If your genome is very heterozygous, then there is a risk that a genome assembler will resolve heterozygous regions into two contigs. Thus, your assembly size may not be a good reflection of the actual genome size. In the Assemblathon 2 contest, I think there was one assembly that was more than twice the expected genome size.

17 is probably too short for a good assembly, and possibly even for estimating genome size in an organism with significant repeat content. If your organism is not haploid, you may want to look at the kmer frequency histogram and estimate size manually, probably using a larger kmer of 25+. For a diploid, you would do this by ignoring the low-frequency error kmers, then multiplying the number of unique kmers under the first peak (the heterozygous peak) by 0.5, multiplying the number of unique kmers under the second (homozygous) peak by 1, multiplying the number of unique kmers under the third (2-copy repeat) peak by 2, etc.

The problem with an assembly and genome size is that with assemblies with many contigs, the same sequence will be in the overlaps between contigs that have not been merged yet. This produces an assembly larger than the genome size. At the same time any repeat sequence will only be represented one time in the assembly, and that results in an assembly smaller than the genome size. Finally hetrozygosity and sequencing errors will result in an assembly larger than the genome size.

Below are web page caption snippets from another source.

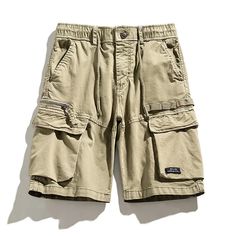 Applicable Season: summer Pattern Type: Solid Waist Type: MID Gender: MEN Closure Type: Elastic Waist Length: shorts Material: COTTON Pant Style: regular Fit Type: regular Style: Casual Decoration: Pockets Solid Color Summer Cargo Shorts For Outdoor, Khaki Bermuda Bottoms For Summer, Khaki Summer Outdoor Pants, Khaki Cargo Shorts For Summer Outdoor Activities, Khaki Cargo Shorts For Summer Beach, Summer Khaki Cargo Shorts For Outdoor, Summer Beach Cargo Shorts In Khaki, Summer Beach Khaki Cargo Shorts, Summer Cargo Pants With Multiple Pockets For Outdoor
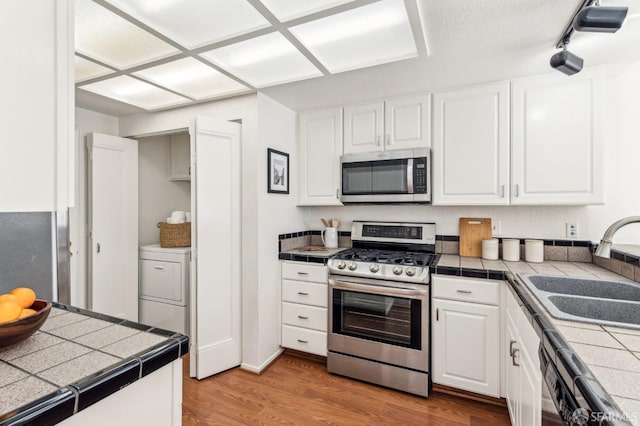 kitchen featuring white cabinetry, stainless steel appliances, tile countertops, and sink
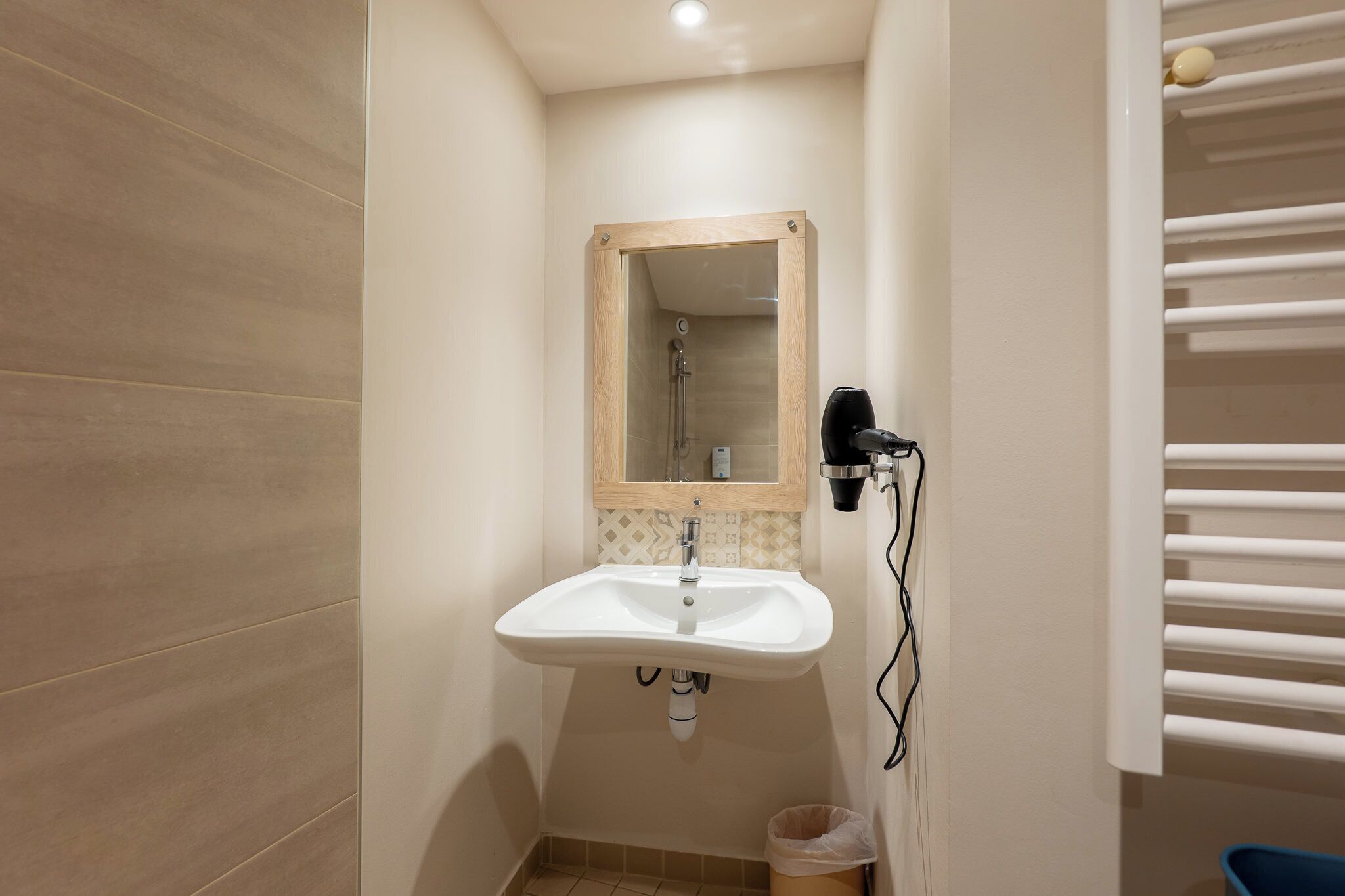 Un baño pequeño con lavamanos blanco, un espejo y ducha.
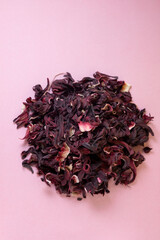 herbal tea, dry hibiskus flower, immune booster in color background © Larisa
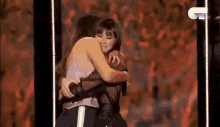 two women hugging each other on a stage in front of a microphone .
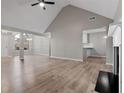 Open living room featuring wood floors, high ceilings, and a fireplace at 4625 Thermal Ct, Douglasville, GA 30135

Scaffold assemblies can be additionally misleading as sequences represented by Ns could be counted several times.

It all depends on the genome, but as the contig sizes climb the assembly size will approach the genome size.


To estimate the genome size based on kmer frequency. Estimate the total kmers covered by the 1x peak and add half the number of kmers in the 1/2x peak (if heterozygous). Find the total count of times these kmers have been seen. This is the single copy fraction (and single copy genome size). Sum the total counts of all kmers observed, subtract out the counts of all Kmers <.5x coverage (errors).

Find the fraction of this number that corresponds to the single copy sequences (calculated before), and then divide by that fraction to get the total genome size.

This works better than estimating the size of 2nd, 3rd etc peaks, as they will often be very difficult to distinguish as the copy number increases, and with large genome plants or animals some repeats can be very high copy number.

Finally to get a very accurate estimate it may be necessary to remove kmers corresponding to the chloroplast or mitochondrial genomes as they can be a significant fraction (>10%) in some DNA preps for (for plants at least).